▶ Work instruction
Go to the line with "Панорамная двухуровневая квартира" in the material below and copy from there through the line with "CCR a suspendat", exactly. Pictures are not copied.

▶ Records for this task
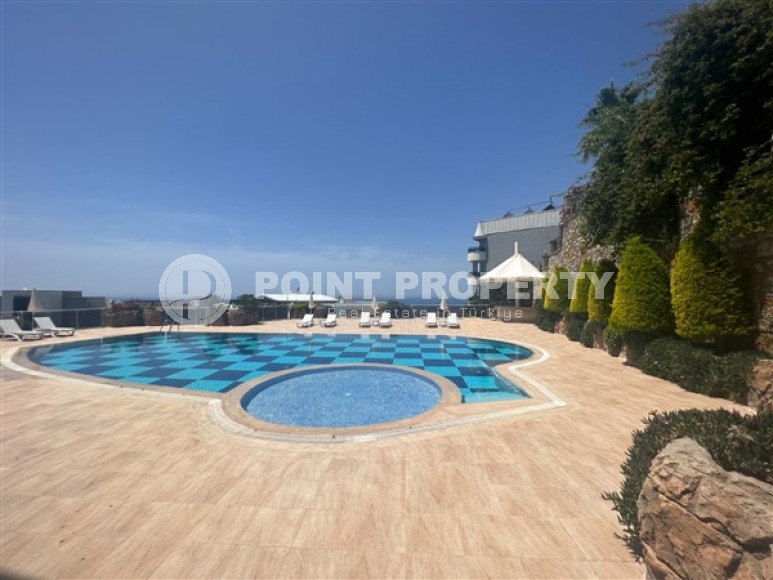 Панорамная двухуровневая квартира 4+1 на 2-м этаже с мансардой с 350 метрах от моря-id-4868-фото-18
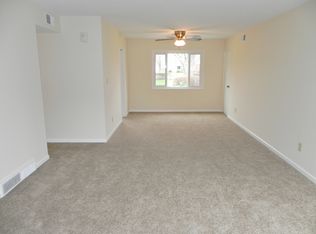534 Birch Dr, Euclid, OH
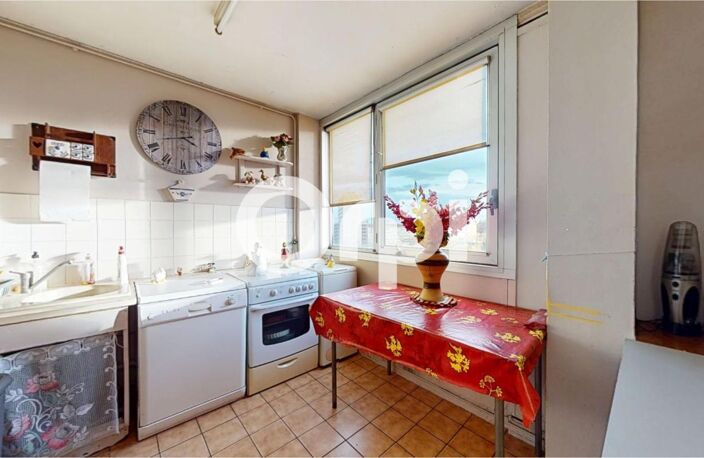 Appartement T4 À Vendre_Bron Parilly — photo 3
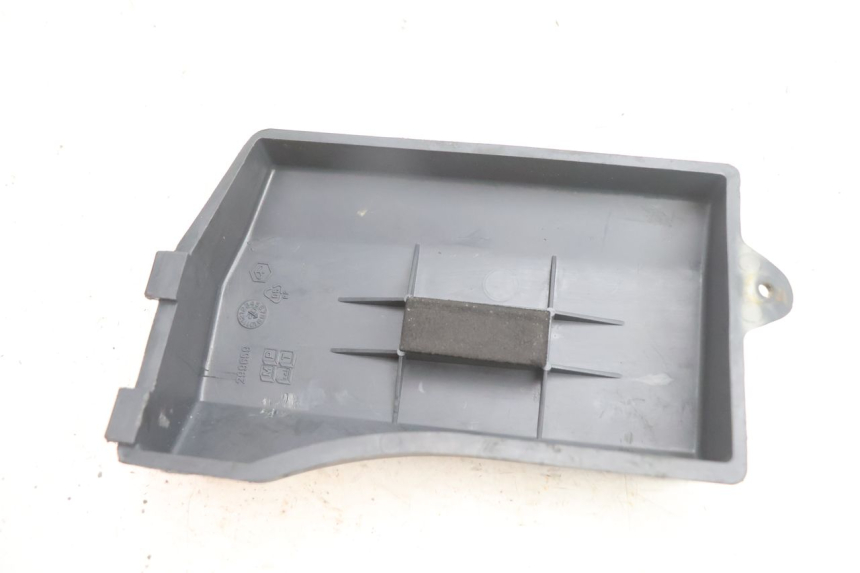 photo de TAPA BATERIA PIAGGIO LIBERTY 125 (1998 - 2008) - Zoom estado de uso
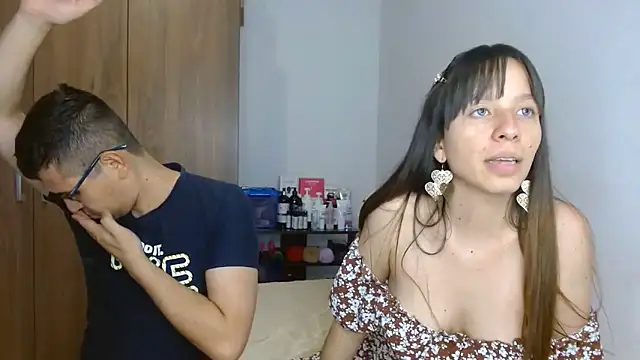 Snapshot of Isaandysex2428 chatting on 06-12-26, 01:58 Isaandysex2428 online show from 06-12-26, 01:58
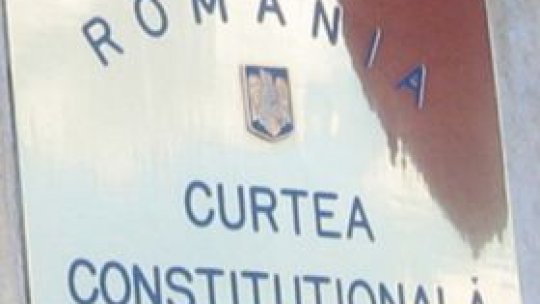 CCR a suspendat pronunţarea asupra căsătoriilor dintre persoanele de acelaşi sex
---
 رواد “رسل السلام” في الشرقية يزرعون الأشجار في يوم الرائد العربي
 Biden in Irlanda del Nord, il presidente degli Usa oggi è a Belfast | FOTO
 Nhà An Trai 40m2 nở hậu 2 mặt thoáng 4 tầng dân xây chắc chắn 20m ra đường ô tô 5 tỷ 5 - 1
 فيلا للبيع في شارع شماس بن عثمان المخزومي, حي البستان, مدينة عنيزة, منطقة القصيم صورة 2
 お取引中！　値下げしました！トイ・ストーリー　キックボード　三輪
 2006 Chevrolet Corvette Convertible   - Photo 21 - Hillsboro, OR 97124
--
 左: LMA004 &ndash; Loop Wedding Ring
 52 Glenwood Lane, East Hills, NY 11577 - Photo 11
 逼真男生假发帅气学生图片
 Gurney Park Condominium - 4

▶ Response box
 Панорамная двухуровневая квартира 4+1 на 2-м этаже с мансардой с 350 метрах от моря-id-4868-фото-18
534 Birch Dr, Euclid, OH
 Appartement T4 À Vendre_Bron Parilly — photo 3
 photo de TAPA BATERIA PIAGGIO LIBERTY 125 (1998 - 2008) - Zoom estado de uso
 Snapshot of Isaandysex2428 chatting on 06-12-26, 01:58 Isaandysex2428 online show from 06-12-26, 01:58
 CCR a suspendat pronunţarea asupra căsătoriilor dintre persoanele de acelaşi sex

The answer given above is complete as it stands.